The Summer of Standoffs
The Summer of Love the months ahead of us most certainly will not be. More like the Summer of Our Discontent. As we look around the world, conflicts like those in Ukraine and the Middle East still loom large with only the faintest, periodic glimmers of hope for peaceful resolutions. Everywhere you look across the U.S. political landscape, there is simmering conflict from local school board meetings and town councils to the halls of Congress and the vaunted chambers of the Supreme Court.
The Summer of 2025 is shaping up to be a summer of standoffs. Conflict is pervasive in so much of how we live our lives and what we observe in the halls of power and in the financial centers from New York to Silicon Valley. Some of the confrontations are around principles and others seem so to be more around personalities. Many might actually be entertaining if they were set on the silver screen and not unfolding daily before our eyes with the economy (not to mention principles of good governance) hanging in the balance, but here we are.
So how is the Summer of Standoffs shaping up? Let’s take a look at some of the key face-offs:
Standoff #1: Corporate America vs. Trump
A quirky thing happened between Amazon and Donald Trump a few weeks ago — quirky but with far-reaching and deep-seated implications. On April 29th, Punchbowl News reported that Amazon planned to display the cost of the tariff as a component of the total price of various items on their website. This would have been meant to highlight to consumers how the tariff costs were directly impacting them.
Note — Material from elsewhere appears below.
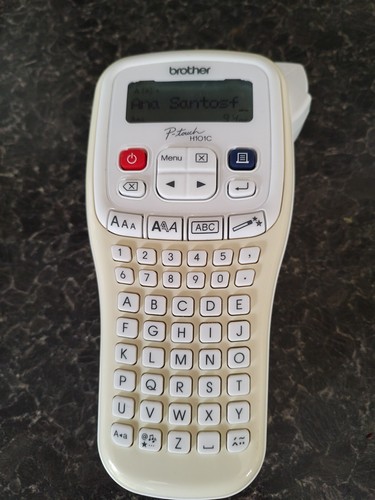 H101c touch brother hand - pt,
You can imagine how this went over in the Trump White House; Press Secretary Karoline Leavitt called it a “hostile and political act,” and suggested Amazon had “partnered with a Chinese propaganda arm.”
Trump and Amazon Founder Jeff Bezos purportedly talked later the same day, and Amazon backtracked from any meaningful discussion of this idea, saying in a short statement, “The team that runs our ultra low cost Amazon Haul store considered the idea of listing import charges on certain products. This was never approved and is not going to happen.” Clearly pleased with the quick about-face, President Trump said later in the day, “[Bezos] solved a problem very quickly and he did the right thing. He’s a good guy.”
Although some Amazon shareholders, customers, and employees were frustrated at how quickly the company backtracked (it’s unclear if the idea really was up for meaningful consideration or not), Bezos navigated the Trump storm well, all things considered. Amazon stock (AMZN) is up about 8% since the Punchbowl News initial report, in line with a broader market really but outpacing it, for sure.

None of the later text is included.